§ **What to do**: Lines from the start of the data through the line containing "咔咔电子相册制造使用方法全介绍" must be given again exactly. Leave the others out.
Material for this task section start
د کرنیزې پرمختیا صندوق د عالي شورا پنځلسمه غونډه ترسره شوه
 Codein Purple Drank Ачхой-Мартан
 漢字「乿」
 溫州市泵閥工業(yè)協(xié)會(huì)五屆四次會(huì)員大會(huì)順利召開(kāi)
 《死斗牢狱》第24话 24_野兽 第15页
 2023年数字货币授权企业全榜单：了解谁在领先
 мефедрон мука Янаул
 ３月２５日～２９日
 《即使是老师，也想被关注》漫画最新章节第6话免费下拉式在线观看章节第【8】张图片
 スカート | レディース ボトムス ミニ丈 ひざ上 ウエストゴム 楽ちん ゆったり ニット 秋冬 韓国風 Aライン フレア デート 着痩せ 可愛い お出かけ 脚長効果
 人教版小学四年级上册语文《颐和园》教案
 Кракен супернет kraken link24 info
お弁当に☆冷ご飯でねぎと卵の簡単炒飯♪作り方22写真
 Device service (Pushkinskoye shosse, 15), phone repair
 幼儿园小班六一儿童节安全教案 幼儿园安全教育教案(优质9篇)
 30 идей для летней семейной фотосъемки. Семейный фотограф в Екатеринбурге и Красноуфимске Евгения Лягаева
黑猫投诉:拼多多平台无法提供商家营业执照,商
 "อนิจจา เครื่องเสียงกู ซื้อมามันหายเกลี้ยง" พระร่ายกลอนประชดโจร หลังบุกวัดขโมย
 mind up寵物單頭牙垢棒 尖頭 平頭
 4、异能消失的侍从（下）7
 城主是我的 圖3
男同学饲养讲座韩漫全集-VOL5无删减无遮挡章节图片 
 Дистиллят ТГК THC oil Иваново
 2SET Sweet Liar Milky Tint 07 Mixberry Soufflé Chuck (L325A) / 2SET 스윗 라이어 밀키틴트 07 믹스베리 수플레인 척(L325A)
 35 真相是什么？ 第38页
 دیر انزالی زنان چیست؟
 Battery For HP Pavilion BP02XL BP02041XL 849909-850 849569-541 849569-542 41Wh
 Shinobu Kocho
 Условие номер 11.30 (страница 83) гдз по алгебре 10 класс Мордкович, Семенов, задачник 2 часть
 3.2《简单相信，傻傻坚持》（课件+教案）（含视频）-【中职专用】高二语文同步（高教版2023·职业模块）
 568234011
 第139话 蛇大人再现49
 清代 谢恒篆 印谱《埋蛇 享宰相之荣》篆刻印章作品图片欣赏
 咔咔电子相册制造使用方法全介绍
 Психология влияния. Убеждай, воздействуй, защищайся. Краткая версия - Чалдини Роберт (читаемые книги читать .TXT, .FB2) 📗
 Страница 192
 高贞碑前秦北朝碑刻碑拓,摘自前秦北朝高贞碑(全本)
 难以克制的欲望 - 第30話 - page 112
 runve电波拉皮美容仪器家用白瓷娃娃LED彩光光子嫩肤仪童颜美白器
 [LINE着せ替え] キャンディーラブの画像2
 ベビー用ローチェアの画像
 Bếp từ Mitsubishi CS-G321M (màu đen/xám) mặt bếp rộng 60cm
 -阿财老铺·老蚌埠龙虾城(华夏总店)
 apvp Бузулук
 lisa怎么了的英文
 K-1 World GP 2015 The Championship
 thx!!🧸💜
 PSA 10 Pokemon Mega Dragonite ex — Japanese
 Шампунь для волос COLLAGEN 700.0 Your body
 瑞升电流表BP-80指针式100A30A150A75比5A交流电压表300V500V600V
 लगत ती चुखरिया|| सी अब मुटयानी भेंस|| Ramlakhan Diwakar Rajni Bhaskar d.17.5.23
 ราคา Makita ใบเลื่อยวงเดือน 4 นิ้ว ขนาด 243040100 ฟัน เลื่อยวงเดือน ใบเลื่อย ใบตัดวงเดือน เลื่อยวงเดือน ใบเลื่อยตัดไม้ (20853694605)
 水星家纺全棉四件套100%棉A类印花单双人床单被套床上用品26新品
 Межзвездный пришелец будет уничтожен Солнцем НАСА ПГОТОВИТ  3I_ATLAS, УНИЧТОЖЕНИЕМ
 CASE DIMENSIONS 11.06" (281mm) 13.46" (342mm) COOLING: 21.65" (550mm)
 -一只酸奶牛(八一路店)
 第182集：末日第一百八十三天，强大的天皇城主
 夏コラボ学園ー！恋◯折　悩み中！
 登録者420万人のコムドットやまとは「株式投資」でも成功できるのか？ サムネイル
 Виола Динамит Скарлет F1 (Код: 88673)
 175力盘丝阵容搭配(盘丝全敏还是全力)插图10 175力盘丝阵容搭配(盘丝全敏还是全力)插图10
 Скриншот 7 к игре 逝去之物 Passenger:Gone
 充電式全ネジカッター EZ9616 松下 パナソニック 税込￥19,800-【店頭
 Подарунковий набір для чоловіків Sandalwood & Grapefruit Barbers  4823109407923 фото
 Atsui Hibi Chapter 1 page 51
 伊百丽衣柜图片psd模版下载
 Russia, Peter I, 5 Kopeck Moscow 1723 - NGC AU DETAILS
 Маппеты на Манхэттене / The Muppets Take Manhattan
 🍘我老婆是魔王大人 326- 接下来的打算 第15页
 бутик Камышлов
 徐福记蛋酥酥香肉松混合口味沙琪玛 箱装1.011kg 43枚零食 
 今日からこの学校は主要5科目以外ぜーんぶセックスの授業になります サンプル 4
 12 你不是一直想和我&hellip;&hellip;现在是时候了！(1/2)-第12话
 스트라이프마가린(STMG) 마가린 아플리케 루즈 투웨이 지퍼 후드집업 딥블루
Material for this task section end
§ **Exercise solution**:
د کرنیزې پرمختیا صندوق د عالي شورا پنځلسمه غونډه ترسره شوه
 Codein Purple Drank Ачхой-Мартан
 漢字「乿」
 溫州市泵閥工業(yè)協(xié)會(huì)五屆四次會(huì)員大會(huì)順利召開(kāi)
 《死斗牢狱》第24话 24_野兽 第15页
 2023年数字货币授权企业全榜单：了解谁在领先
 мефедрон мука Янаул
 ３月２５日～２９日
 《即使是老师，也想被关注》漫画最新章节第6话免费下拉式在线观看章节第【8】张图片
 スカート | レディース ボトムス ミニ丈 ひざ上 ウエストゴム 楽ちん ゆったり ニット 秋冬 韓国風 Aライン フレア デート 着痩せ 可愛い お出かけ 脚長効果
 人教版小学四年级上册语文《颐和园》教案
 Кракен супернет kraken link24 info
お弁当に☆冷ご飯でねぎと卵の簡単炒飯♪作り方22写真
 Device service (Pushkinskoye shosse, 15), phone repair
 幼儿园小班六一儿童节安全教案 幼儿园安全教育教案(优质9篇)
 30 идей для летней семейной фотосъемки. Семейный фотограф в Екатеринбурге и Красноуфимске Евгения Лягаева
黑猫投诉:拼多多平台无法提供商家营业执照,商
 "อนิจจา เครื่องเสียงกู ซื้อมามันหายเกลี้ยง" พระร่ายกลอนประชดโจร หลังบุกวัดขโมย
 mind up寵物單頭牙垢棒 尖頭 平頭
 4、异能消失的侍从（下）7
 城主是我的 圖3
男同学饲养讲座韩漫全集-VOL5无删减无遮挡章节图片 
 Дистиллят ТГК THC oil Иваново
 2SET Sweet Liar Milky Tint 07 Mixberry Soufflé Chuck (L325A) / 2SET 스윗 라이어 밀키틴트 07 믹스베리 수플레인 척(L325A)
 35 真相是什么？ 第38页
 دیر انزالی زنان چیست؟
 Battery For HP Pavilion BP02XL BP02041XL 849909-850 849569-541 849569-542 41Wh
 Shinobu Kocho
 Условие номер 11.30 (страница 83) гдз по алгебре 10 класс Мордкович, Семенов, задачник 2 часть
 3.2《简单相信，傻傻坚持》（课件+教案）（含视频）-【中职专用】高二语文同步（高教版2023·职业模块）
 568234011
 第139话 蛇大人再现49
 清代 谢恒篆 印谱《埋蛇 享宰相之荣》篆刻印章作品图片欣赏
 咔咔电子相册制造使用方法全介绍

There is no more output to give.